To be even more elaborate, my random variable concerns distance D of some specific nodes of a graph to their nearest border (in edge hops). [D takes values from 0 to 1 since is normalized by radius]. I have split the graphs in two sets, concerning a result of an algorithm over a set of graphs, lets say 'positive' and 'negative'. I expected that the positive set would have most of its nodes near the graph border, i.e, more D values would be smaller comparing to the 'negative' set. A histograph visually verifies this. I didnt know any test to compare such a characteristic (although I think I ve read something similar somewhere). Then I also took the average of these distances D from each graph and made two new positive and negative sets of the average D distances.
I noticed from their histograms that these two distributions looked like Normal. Later I found out that based on the cental limit theorem (or something like that) the averages of sample observations following any distribution, follow a normal distribution for a large sample size. (Nevertheless, my average D distributions failed to pass normality tests.) I also noticed that these bell-like shapes were centered at different values, therefore I wanted to statistically assert this, and utterly, statistically verify that the positive distribution of average D, has a lower mean than the 'negative' one.

And to sum up, somewhere in wikipedia there's a list of tests where it says:
Name: Two-sample unpooled t-test
Assumptions: (Normal populations or n1 + n2 > 40) and independent observations and σ1 ≠ σ2 and (σ1 and σ2 unknown)
Now, if its true that the normality assumption can be relaxed for a large sample size, i think I'm done. Since I have already performed my two-sided tail t-test and it verified my speculations, since the null hypothesis μ1=μ2 was rejected only for alternate hypothesis concerning μ1 < μ2 and μ1 != μ2, but could NOT be rejected over the alternate hypothesis that μ1 > μ2, for both D and average D distributions! I've also met a comment somewhere that the normality assumption is written in books due to the very small samples examples always used (And to which sizes, ttest is supposed to apply to, i think)

So
1)any ideas about my original distributions and an implemented statistic proving that pos has more lower values than negative and vice-versa?
2)Any Non-parametric test comparing the mean for unknown sample distributions (therefore unknown variance etc), as the tail test of ttest does?
3)Is indeed the normality assumption relaxed in a case of a large sample? Does this weakens the test's accuracy? (note that my D distributions of positive and negative graphs have sizes 209826 and 11588 respectively and my average D distributions have 14958 and 1070 respectively)
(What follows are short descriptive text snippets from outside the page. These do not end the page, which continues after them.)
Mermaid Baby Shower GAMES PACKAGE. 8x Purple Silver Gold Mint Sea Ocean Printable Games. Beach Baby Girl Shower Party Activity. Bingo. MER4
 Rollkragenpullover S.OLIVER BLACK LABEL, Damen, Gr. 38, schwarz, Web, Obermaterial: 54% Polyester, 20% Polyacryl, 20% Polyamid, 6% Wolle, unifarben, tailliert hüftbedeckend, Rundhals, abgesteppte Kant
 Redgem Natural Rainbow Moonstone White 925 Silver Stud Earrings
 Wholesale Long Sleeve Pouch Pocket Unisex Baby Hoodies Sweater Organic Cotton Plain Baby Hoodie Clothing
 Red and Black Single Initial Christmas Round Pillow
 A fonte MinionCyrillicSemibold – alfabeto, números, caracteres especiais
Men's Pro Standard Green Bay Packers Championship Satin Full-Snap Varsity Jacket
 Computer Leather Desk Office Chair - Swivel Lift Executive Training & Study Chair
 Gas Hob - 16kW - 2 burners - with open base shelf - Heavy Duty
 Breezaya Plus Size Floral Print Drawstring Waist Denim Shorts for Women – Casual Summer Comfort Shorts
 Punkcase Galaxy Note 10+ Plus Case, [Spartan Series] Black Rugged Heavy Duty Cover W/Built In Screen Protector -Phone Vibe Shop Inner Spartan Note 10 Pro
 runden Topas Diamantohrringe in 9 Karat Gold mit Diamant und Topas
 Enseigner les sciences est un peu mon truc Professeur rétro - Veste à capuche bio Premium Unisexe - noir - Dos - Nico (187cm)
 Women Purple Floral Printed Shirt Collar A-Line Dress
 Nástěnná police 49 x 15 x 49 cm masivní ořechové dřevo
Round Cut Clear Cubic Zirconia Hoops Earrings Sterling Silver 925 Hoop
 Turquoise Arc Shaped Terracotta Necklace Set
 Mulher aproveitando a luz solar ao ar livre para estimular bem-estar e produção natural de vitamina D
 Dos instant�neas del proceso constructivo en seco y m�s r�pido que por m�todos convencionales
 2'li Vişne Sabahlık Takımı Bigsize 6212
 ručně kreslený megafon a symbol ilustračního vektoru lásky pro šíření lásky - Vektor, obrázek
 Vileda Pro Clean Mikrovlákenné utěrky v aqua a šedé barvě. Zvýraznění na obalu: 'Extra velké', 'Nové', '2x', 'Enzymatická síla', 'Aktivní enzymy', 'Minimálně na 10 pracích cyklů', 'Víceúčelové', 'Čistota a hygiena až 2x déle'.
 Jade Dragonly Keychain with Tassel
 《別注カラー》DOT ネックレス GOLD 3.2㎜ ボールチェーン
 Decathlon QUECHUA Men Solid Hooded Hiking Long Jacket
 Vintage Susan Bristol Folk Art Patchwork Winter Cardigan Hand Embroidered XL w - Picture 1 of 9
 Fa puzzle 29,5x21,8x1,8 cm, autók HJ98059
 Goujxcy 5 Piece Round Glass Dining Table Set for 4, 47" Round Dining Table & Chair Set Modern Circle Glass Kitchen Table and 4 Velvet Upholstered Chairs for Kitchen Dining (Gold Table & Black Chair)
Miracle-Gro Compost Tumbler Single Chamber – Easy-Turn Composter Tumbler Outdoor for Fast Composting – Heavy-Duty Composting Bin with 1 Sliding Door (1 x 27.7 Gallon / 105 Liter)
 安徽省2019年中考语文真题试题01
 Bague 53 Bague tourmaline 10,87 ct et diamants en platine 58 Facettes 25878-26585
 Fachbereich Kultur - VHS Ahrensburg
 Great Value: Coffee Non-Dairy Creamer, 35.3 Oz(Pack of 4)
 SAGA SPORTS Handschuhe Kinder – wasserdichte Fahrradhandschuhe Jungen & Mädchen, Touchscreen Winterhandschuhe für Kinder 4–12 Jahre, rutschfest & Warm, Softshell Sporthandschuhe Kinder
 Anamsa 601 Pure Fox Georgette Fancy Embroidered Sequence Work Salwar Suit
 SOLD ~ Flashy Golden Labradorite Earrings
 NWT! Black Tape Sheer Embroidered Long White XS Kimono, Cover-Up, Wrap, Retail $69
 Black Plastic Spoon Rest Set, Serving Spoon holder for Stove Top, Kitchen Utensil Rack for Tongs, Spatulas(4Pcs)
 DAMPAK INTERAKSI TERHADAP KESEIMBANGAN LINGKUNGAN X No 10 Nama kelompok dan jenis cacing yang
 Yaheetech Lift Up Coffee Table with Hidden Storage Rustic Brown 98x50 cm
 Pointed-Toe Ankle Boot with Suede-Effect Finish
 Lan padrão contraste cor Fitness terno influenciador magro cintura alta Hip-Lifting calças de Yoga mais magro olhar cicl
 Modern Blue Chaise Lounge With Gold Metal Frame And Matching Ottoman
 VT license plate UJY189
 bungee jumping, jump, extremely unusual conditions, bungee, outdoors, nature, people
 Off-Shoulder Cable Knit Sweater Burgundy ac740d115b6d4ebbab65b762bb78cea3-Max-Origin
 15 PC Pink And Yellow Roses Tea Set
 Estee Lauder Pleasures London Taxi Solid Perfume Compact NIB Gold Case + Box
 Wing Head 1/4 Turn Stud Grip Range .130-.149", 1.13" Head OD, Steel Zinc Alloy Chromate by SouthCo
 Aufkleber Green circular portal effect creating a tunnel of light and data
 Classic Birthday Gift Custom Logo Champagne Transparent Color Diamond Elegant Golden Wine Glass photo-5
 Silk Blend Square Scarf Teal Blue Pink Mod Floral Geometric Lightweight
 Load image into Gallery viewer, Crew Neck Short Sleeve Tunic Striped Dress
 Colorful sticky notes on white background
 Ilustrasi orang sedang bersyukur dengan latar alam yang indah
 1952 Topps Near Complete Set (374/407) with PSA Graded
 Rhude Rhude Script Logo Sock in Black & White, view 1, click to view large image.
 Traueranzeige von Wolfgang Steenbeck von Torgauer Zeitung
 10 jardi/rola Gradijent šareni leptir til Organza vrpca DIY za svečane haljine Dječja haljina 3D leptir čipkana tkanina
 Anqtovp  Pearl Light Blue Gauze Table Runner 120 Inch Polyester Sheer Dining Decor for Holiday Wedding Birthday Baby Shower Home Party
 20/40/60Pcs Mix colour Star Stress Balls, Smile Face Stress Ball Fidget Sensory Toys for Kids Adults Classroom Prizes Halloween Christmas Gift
Oh! and by the way I know there are transformations that might make my data follow normal (I guess splitting a stairs-like distribution, such as my 'positive', to two opposite stairs might do the job, but I am completely inexperienced and there doesnt seem to exist such an easy answer for 'negative' D distribution . And I also really dont have time to experiment right now )

Thank you all in advance!

P.S. Here are the two D distributions (for 'pos' and 'neg' graphs) as well as the corresponding average D distributions

D of pos


D of neg


average D of pos


average D of neg

[coming20]

I have the same problem and desperately needed an solution.

Experts, please help~

[Karabiner]

Not clear what you mean by "same problem". Perhaps you describe your problem/study (e.g. topic, objective,
study design, sample size, measurements taken).

Regards

K.

[Dason]

Permutation tests I think are actually quite a bit easier to understand conceptually than our typical parametric framework. I like the approach but there are a different set of problems that go along with trying to take that approach but one of the nice things about a permutation test is that it is (almost) always a valid type of test.